_Required action_. Write out, word for word, the part of the listing below that opens with the line containing "-青水瓦台汤泉(未央店)" and closes with the line containing "mdf-amantea-tatto-15mm-2-faces-berneck_07_MDBKMAD002", keeping both of those lines and adding no others.

_Available data_.
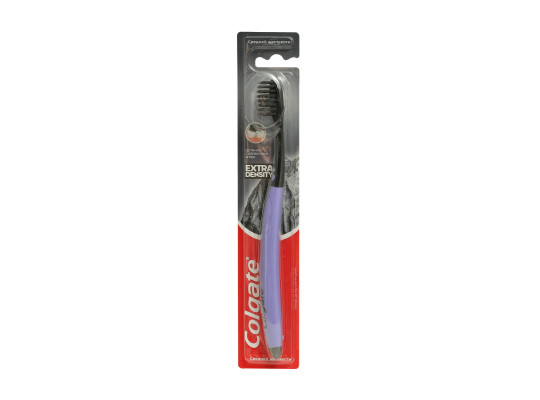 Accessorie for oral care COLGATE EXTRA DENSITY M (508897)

--

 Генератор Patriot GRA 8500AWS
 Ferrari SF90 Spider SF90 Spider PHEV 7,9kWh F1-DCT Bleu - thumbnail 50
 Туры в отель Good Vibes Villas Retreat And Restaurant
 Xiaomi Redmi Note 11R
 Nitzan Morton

==

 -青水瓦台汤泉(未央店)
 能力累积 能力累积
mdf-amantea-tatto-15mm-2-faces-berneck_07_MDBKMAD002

_Task output_.
 -青水瓦台汤泉(未央店)
 能力累积 能力累积
mdf-amantea-tatto-15mm-2-faces-berneck_07_MDBKMAD002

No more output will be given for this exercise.